Go through the data line by line and count the lines that hold "Image". Reply with the total only.

Short web captions
◇ ◇ ◇ ◇

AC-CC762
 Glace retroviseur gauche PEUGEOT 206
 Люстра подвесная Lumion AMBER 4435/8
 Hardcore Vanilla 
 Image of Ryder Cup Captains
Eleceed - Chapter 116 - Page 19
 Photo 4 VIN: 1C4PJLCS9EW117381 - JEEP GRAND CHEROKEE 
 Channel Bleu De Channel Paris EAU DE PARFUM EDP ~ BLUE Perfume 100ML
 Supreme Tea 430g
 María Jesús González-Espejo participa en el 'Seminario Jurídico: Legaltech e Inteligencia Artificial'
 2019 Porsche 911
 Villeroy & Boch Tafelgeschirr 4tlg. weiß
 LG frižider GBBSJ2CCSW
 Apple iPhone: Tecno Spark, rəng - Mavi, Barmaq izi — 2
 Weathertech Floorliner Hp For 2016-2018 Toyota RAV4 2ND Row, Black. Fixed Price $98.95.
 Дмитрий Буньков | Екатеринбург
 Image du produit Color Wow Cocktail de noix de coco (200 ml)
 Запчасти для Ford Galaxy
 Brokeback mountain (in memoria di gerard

◇ ◇ ◇ ◇

**Result of the exercise**
2